● **Supplied data**:
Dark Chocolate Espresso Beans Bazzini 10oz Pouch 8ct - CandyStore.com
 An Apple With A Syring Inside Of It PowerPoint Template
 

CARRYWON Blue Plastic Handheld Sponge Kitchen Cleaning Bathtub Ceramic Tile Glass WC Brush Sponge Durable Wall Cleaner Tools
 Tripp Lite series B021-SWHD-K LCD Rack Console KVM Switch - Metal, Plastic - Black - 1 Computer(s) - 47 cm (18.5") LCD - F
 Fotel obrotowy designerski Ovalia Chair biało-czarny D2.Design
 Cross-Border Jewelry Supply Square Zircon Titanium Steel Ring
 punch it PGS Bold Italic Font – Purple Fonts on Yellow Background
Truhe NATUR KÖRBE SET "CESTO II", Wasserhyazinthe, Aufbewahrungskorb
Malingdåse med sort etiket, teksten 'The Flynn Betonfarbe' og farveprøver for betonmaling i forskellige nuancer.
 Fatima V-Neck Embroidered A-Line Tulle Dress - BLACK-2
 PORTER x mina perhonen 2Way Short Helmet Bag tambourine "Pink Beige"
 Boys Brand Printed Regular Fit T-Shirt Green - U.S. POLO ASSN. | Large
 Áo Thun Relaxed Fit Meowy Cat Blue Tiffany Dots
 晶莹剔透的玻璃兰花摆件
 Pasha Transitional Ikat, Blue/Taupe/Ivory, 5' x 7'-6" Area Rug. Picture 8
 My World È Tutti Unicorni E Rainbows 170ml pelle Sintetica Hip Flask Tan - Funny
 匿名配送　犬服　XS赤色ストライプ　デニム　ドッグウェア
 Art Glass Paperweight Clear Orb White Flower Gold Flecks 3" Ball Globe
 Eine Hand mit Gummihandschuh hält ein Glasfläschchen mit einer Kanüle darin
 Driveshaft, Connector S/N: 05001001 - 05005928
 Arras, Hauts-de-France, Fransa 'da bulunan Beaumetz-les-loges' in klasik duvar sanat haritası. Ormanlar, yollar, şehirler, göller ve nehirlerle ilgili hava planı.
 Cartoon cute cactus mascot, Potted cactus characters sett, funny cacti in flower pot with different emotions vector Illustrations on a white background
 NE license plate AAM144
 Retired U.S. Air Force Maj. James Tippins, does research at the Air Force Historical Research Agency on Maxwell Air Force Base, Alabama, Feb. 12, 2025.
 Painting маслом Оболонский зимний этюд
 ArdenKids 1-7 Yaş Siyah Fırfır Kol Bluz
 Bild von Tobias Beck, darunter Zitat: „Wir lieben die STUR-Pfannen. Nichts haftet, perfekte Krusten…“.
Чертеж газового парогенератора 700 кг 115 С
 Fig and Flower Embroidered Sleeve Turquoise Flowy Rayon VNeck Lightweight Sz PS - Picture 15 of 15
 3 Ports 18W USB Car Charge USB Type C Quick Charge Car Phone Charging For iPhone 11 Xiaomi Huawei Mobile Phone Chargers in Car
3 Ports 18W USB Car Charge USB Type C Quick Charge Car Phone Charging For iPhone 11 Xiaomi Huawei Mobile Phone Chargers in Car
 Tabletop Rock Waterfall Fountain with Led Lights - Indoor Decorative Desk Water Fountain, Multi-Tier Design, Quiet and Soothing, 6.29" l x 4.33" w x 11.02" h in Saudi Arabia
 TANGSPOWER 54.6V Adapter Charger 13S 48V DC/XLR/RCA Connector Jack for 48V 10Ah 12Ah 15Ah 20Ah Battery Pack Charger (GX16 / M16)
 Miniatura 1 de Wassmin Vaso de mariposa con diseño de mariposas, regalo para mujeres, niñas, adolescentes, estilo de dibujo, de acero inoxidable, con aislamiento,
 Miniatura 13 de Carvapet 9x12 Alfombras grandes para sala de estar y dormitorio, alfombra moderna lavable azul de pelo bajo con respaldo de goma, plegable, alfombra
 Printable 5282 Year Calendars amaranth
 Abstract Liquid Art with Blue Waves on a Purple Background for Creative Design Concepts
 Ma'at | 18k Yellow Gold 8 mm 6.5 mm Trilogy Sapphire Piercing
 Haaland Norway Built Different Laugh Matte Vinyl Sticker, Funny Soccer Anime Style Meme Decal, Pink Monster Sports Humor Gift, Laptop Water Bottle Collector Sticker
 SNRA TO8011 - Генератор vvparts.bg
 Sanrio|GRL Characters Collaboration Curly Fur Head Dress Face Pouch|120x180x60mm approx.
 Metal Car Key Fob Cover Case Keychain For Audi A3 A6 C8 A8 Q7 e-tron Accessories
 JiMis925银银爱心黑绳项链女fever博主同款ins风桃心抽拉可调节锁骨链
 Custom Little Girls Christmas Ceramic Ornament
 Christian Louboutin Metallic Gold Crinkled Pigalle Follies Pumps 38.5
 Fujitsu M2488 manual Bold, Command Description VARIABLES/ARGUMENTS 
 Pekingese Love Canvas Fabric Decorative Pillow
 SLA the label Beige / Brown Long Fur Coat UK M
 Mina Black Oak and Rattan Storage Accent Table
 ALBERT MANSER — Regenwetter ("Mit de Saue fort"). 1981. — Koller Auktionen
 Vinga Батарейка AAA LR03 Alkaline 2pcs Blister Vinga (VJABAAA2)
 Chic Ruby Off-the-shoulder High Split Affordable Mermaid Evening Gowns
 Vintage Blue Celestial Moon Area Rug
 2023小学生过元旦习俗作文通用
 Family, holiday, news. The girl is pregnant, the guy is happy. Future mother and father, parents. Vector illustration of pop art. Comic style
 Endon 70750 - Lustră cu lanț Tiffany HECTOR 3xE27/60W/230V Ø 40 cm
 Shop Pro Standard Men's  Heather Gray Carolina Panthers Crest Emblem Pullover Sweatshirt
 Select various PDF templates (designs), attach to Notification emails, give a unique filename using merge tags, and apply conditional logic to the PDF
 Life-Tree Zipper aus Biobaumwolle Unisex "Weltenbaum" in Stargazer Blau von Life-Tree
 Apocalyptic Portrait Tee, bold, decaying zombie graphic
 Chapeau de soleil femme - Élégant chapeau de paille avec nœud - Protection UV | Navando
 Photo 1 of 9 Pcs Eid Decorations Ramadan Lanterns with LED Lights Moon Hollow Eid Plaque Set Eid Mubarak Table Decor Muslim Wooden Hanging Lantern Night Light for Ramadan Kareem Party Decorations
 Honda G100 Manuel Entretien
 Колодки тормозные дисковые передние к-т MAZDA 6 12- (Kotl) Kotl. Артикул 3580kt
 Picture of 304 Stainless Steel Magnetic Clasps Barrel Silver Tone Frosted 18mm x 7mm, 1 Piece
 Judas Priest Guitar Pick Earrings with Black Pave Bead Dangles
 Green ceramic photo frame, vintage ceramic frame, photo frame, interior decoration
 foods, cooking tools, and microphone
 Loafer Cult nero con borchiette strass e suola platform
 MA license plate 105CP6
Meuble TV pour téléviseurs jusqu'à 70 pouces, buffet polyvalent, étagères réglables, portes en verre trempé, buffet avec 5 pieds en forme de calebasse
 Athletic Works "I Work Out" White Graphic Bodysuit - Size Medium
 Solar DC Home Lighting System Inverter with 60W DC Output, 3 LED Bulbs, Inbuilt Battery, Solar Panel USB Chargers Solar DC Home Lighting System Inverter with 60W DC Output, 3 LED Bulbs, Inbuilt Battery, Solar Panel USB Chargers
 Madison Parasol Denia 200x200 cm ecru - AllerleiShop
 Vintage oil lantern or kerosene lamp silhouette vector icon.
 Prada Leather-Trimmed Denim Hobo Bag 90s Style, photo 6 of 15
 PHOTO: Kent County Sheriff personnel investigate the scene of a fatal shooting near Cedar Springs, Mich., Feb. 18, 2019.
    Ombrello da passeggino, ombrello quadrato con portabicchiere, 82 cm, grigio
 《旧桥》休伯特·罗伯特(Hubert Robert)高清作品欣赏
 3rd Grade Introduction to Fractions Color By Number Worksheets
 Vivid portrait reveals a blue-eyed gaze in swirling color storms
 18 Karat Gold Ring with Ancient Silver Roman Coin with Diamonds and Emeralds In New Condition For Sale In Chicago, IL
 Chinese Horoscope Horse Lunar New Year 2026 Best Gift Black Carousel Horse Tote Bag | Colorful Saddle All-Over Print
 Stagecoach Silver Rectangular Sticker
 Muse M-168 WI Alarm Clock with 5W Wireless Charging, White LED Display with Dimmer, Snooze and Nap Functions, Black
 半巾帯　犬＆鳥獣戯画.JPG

● **Task statement**: Look through the records and gather each line with the word "Area".

● **Completed task**:
 Pasha Transitional Ikat, Blue/Taupe/Ivory, 5' x 7'-6" Area Rug. Picture 8
 Vintage Blue Celestial Moon Area Rug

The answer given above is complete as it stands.